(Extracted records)

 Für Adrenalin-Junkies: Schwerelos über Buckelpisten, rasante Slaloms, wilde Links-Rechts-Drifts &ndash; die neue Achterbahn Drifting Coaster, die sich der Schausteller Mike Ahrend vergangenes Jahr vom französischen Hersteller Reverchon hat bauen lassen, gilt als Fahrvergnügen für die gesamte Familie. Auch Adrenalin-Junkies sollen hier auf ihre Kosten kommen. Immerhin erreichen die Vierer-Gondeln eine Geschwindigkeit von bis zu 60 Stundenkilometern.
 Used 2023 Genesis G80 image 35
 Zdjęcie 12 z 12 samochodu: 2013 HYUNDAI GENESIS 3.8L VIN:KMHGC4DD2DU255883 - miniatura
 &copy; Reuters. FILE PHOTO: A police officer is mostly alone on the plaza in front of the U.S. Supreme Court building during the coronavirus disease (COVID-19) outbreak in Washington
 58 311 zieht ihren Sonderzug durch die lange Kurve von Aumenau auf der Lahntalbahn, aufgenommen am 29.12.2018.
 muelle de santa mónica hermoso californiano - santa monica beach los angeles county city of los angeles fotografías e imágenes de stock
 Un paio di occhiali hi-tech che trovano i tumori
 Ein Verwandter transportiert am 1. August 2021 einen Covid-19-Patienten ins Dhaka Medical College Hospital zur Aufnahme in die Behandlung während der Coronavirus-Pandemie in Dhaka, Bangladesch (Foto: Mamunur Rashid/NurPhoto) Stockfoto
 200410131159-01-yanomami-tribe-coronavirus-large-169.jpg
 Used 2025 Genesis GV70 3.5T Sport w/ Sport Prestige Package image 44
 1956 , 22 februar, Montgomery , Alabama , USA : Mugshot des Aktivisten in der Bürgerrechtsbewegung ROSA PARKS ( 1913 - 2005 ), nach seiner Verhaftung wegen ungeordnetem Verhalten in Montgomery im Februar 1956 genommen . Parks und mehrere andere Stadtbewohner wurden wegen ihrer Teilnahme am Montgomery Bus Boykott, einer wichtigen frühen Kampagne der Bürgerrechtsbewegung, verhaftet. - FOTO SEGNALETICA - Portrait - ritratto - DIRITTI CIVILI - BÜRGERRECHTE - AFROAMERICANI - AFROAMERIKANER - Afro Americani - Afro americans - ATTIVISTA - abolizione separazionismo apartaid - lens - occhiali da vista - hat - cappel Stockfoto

...

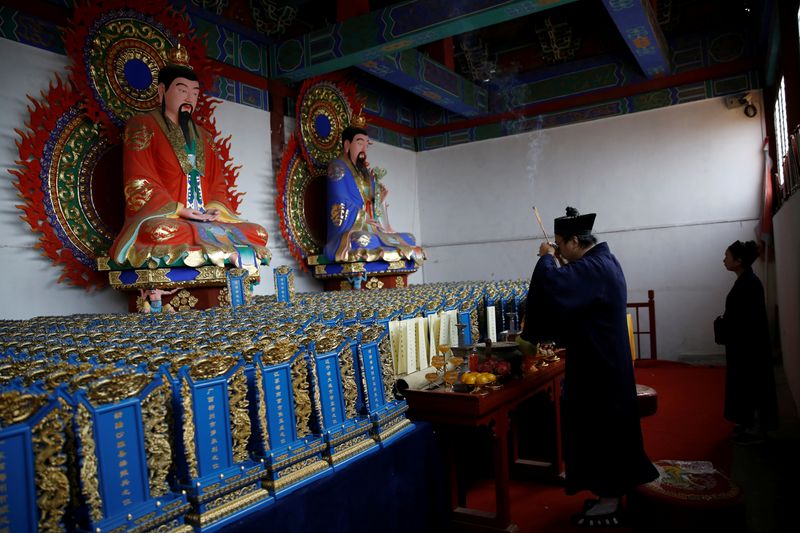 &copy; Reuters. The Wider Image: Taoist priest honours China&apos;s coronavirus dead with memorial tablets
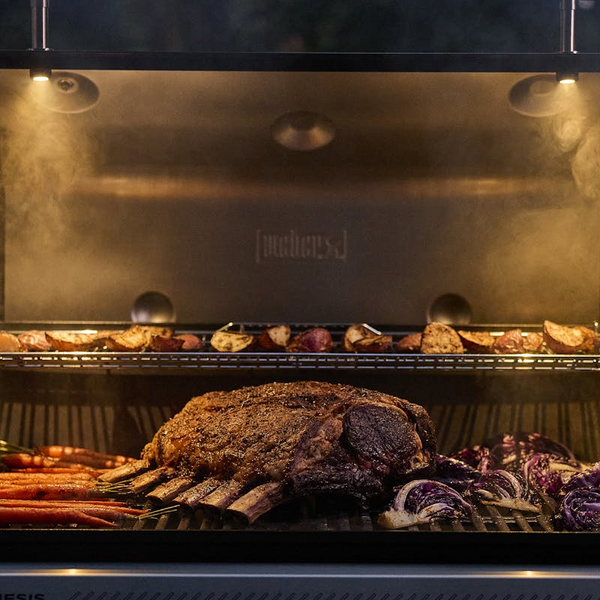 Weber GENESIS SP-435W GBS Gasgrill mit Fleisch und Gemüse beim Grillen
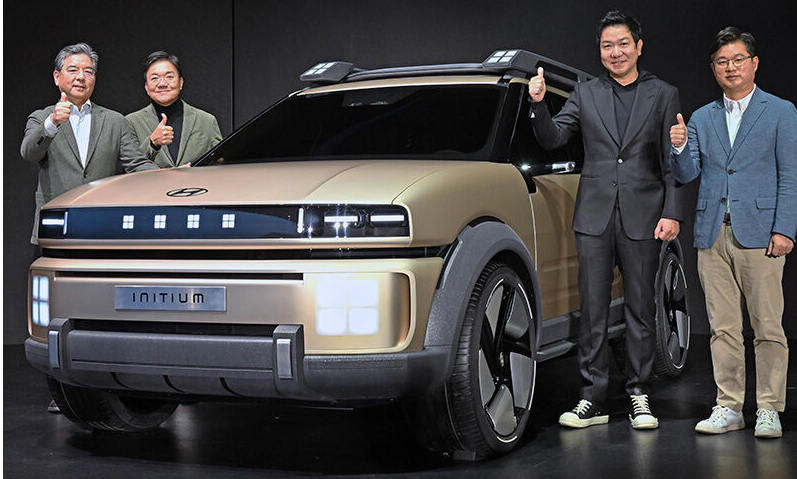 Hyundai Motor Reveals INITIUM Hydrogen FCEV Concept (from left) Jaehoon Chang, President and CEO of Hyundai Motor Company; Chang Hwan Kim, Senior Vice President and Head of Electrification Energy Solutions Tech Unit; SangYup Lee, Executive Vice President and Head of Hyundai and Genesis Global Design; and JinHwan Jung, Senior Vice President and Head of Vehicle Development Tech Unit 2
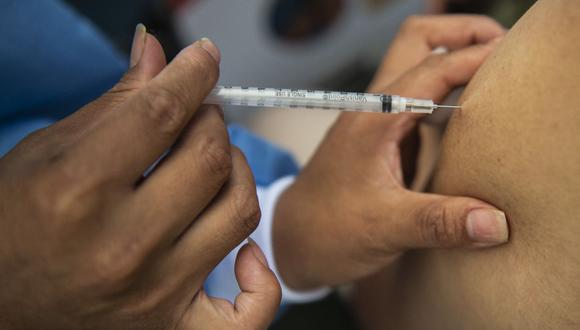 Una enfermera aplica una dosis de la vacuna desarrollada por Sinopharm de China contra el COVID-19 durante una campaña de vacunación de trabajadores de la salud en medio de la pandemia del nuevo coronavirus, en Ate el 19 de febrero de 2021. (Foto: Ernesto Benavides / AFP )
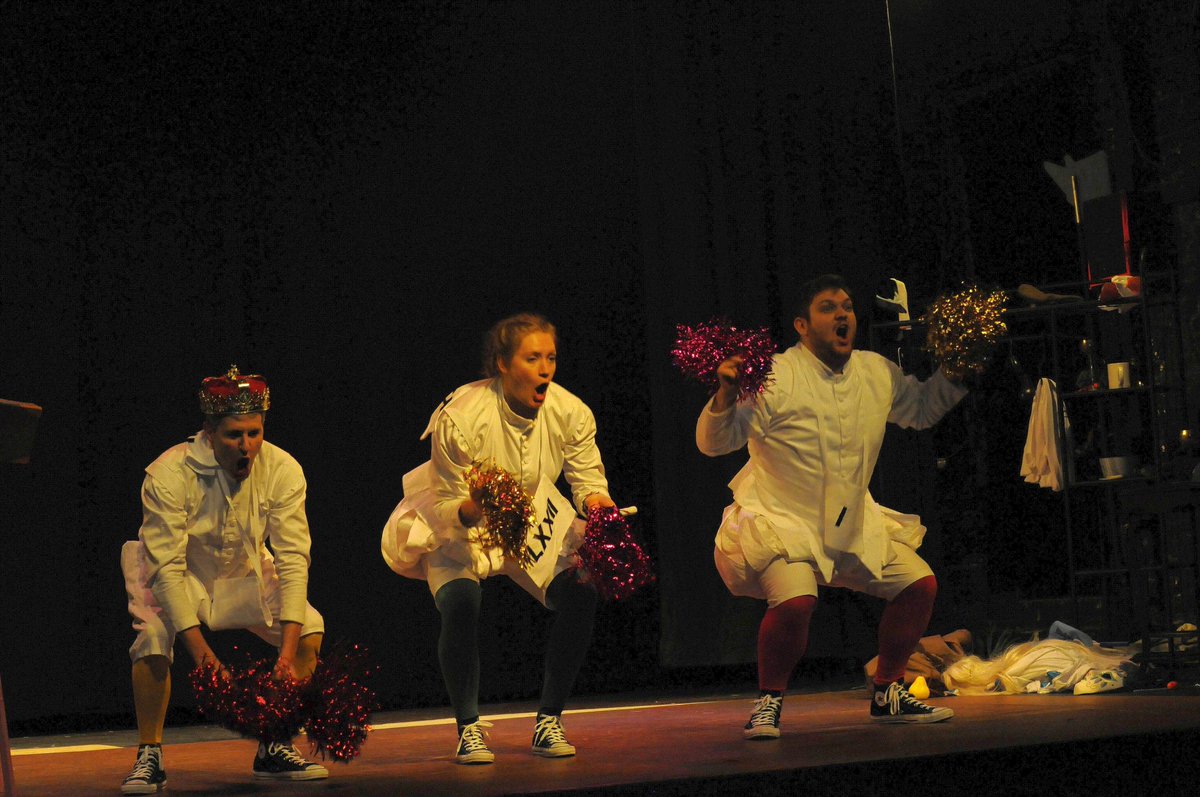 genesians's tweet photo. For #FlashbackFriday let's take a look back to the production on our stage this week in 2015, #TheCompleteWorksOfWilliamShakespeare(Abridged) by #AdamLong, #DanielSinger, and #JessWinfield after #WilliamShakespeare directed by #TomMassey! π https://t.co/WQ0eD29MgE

» About this exercise: Write out exactly the lines above between the line with "Für Adrenalin-Junkies: Schwerelos" and the line with "Un paio di occhiali", inclusive, and nothing beyond them.

» Reply to the exercise:
 Für Adrenalin-Junkies: Schwerelos über Buckelpisten, rasante Slaloms, wilde Links-Rechts-Drifts &ndash; die neue Achterbahn Drifting Coaster, die sich der Schausteller Mike Ahrend vergangenes Jahr vom französischen Hersteller Reverchon hat bauen lassen, gilt als Fahrvergnügen für die gesamte Familie. Auch Adrenalin-Junkies sollen hier auf ihre Kosten kommen. Immerhin erreichen die Vierer-Gondeln eine Geschwindigkeit von bis zu 60 Stundenkilometern.
 Used 2023 Genesis G80 image 35
 Zdjęcie 12 z 12 samochodu: 2013 HYUNDAI GENESIS 3.8L VIN:KMHGC4DD2DU255883 - miniatura
 &copy; Reuters. FILE PHOTO: A police officer is mostly alone on the plaza in front of the U.S. Supreme Court building during the coronavirus disease (COVID-19) outbreak in Washington
 58 311 zieht ihren Sonderzug durch die lange Kurve von Aumenau auf der Lahntalbahn, aufgenommen am 29.12.2018.
 muelle de santa mónica hermoso californiano - santa monica beach los angeles county city of los angeles fotografías e imágenes de stock
 Un paio di occhiali hi-tech che trovano i tumori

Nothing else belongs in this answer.